Floria ne cesse de joindre à la technicité exigée, le sourire, la parole, la patience immérités. Mais les patients sont aussi capables d’attentions, rares et d’autant plus touchantes. Tel le mot de M. Leu. Encore plus révélateur est la parole qui encadre l’histoire car elle est encadrée dans le placard où l’infirmière la garde précieusement : « Merci ».

Cette générosité s’exprime en plein (quand elle penser en amont aux deux sucettes et qu’en aval, elle n’oublie pas de donner dans le tourbillon des urgences) et en creux (quand elle encaisse sans réagir les accusations et les reproches qui sont injustement adressés à sa personne, mais, à travers elle, justement dirigées vers l’institution).

Ce don se manifeste aussi selon les différents langages de l’amour, des cadeaux (comme les sucettes) aux moments de qualité (comme la chanson consolante et apaisante) en passant par le toucher (comme tenir la main), etc.

Il se déploie selon le régime habituel et attendu que nous venons de décrire, ou bien par un surcroît qui en redouble la gratuité, dans le par-don : celui donné à M. Severin que tout rend antipathique et que pourtant Floria va écouter et apaiser ; celui reçu de la patiente insuffisante respiratoire chronique qui renonce à la vengeance.

Enfin, le don se prolonge de sa condition présente à sa condition eschatologique. Ainsi s’explique, pour moi, la scène finale. Si elle agace la logique rationnelle, elle me semble conforme à la logique amative ici déclinée. Même si notre don n’est jamais qu’une réponse à Dieu qui le premier nous a aimés (cf. 1 Jn 4,10), jamais l’homme ne donne que, bouleversé par cette réponse, Dieu, qui est alpha et oméga (cf. Ap 1,8 ; passim), ne lui donne en retour encore bien davantage (cf. la finale du livre de Job). Voilà pourquoi la personne décédée vient retrouver Floria non seulement pour la déculpabiliser de ne pas avoir pu prendre soin d’elle, mais comme pour la remercier de tout le souci qu’elle a pris de tous les autres patients. Quelle heureuse trouvaille !

 

Le lecteur n’aura pas manqué de retrouver ici les lectures polysémiques que ce site affectionne, lectures qui ne sont pas totalement étrangères aux quatre sens des Saintes Écritures : littéral, tropologique (moral), anagogique (eschatologique), etc. [2] N’est-ce pas cette polysémie du long-métrage qui conjure le risque de l’ennuyeuse chronique évoquée dans le premier point ? Mais, après tout, le réel n’est-il pas riche de toute cette profusion superposée de sens ?

Pascal Ide

[1] La distinction est développée par le cardinal Newman dans La grammaire de l’assentiment.

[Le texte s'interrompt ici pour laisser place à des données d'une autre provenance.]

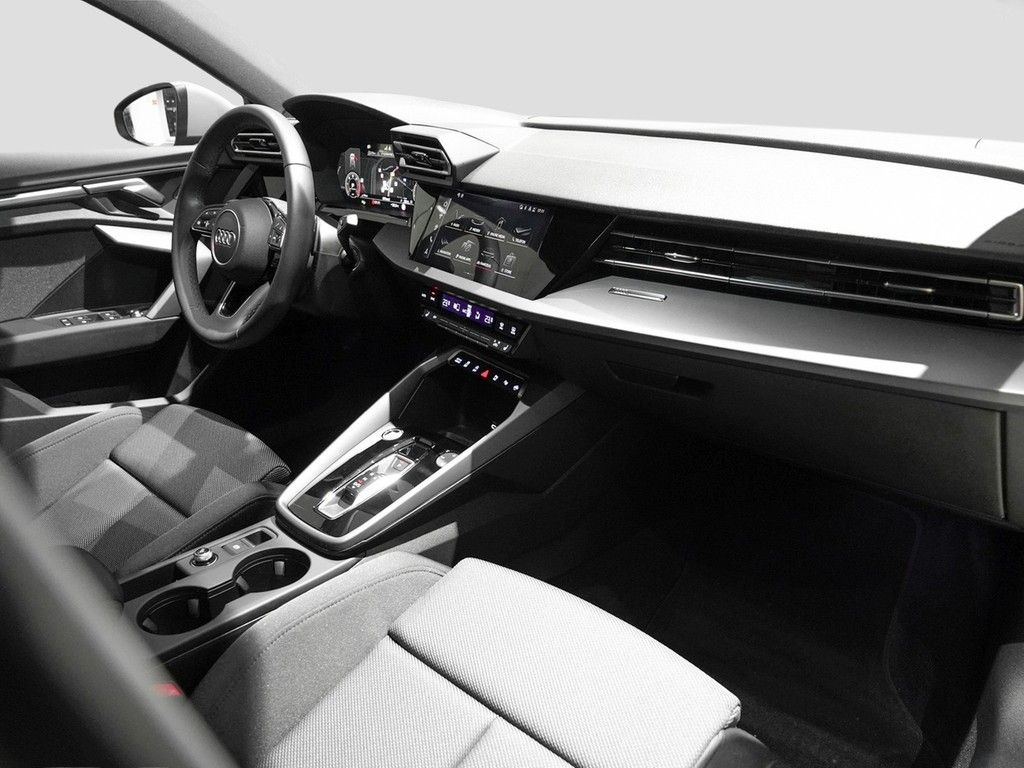 Audi A3 2025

[2] Cf. Pascal Ide, « Pourquoi aimons-nous les séries télévisées ? Une exégèse selon les quatre sens de l’Écriture », Nouvelle revue théologique, 142 (2020) n° 3, p. 437-455.

Avec sa collègue Bea Schmid (Sonja Riesen), une élève infirmière, Amelie Afshar (Selma Adin), et l’aide ponctuelle d’une l’urgentiste de garde, Leonie von Arx (Anna-Katarina Müller), Floria Lind (Leonie Benesch) travaille comme infirmière au service de chirurgie oncologique d’un hôpital suisse. Elle exerce sa profession avec passion et professionnalisme. Le film la suit pendant son service de garde de nuit. Une infirmière est absente du service qui est saturé et en sous-effectif chronique. Malgré un emploi du temps chargé, Floria s’occupe avec précision et compassion de divers patients, pour la plupart gravement malades, par exemple, M. Leu (Urs Bihler), un homme âgé diabétique qui attend désespérément que passe son médecin traitant, le Dr Strobel (Nicole Bachmann), ou M. Severin (Jürg Plüss), un malade hyper-exigeant dont on découvrira qu’il est en cancer du pancréas stade terminal. Cependant, lorsqu’elle commet une erreur potentiellement fatale sous l’effet du stress, ses limites sont mises à rude épreuve.